**YOUR GOAL**:
Reproduce exactly the line containing "spot bet.com" and every line after it, through the last line of the records below; add nothing.

[Scraped caption text data]
::::::::::

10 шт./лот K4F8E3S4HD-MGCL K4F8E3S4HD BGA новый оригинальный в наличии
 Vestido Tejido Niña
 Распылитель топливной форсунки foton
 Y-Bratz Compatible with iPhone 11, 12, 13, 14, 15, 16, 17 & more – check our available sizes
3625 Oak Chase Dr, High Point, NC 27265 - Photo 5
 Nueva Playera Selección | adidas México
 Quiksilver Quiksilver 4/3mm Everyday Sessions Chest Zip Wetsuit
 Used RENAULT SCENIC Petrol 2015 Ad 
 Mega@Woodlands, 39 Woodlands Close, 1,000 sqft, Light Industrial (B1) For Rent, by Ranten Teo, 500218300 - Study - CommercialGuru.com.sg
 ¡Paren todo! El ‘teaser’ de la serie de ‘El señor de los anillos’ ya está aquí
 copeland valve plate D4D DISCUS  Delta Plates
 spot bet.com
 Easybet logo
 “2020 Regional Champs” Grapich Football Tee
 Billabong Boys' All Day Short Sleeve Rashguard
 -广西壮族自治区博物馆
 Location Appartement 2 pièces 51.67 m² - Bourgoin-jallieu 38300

::::::::::

**RESULT**:
 spot bet.com
 Easybet logo
 “2020 Regional Champs” Grapich Football Tee
 Billabong Boys' All Day Short Sleeve Rashguard
 -广西壮族自治区博物馆
 Location Appartement 2 pièces 51.67 m² - Bourgoin-jallieu 38300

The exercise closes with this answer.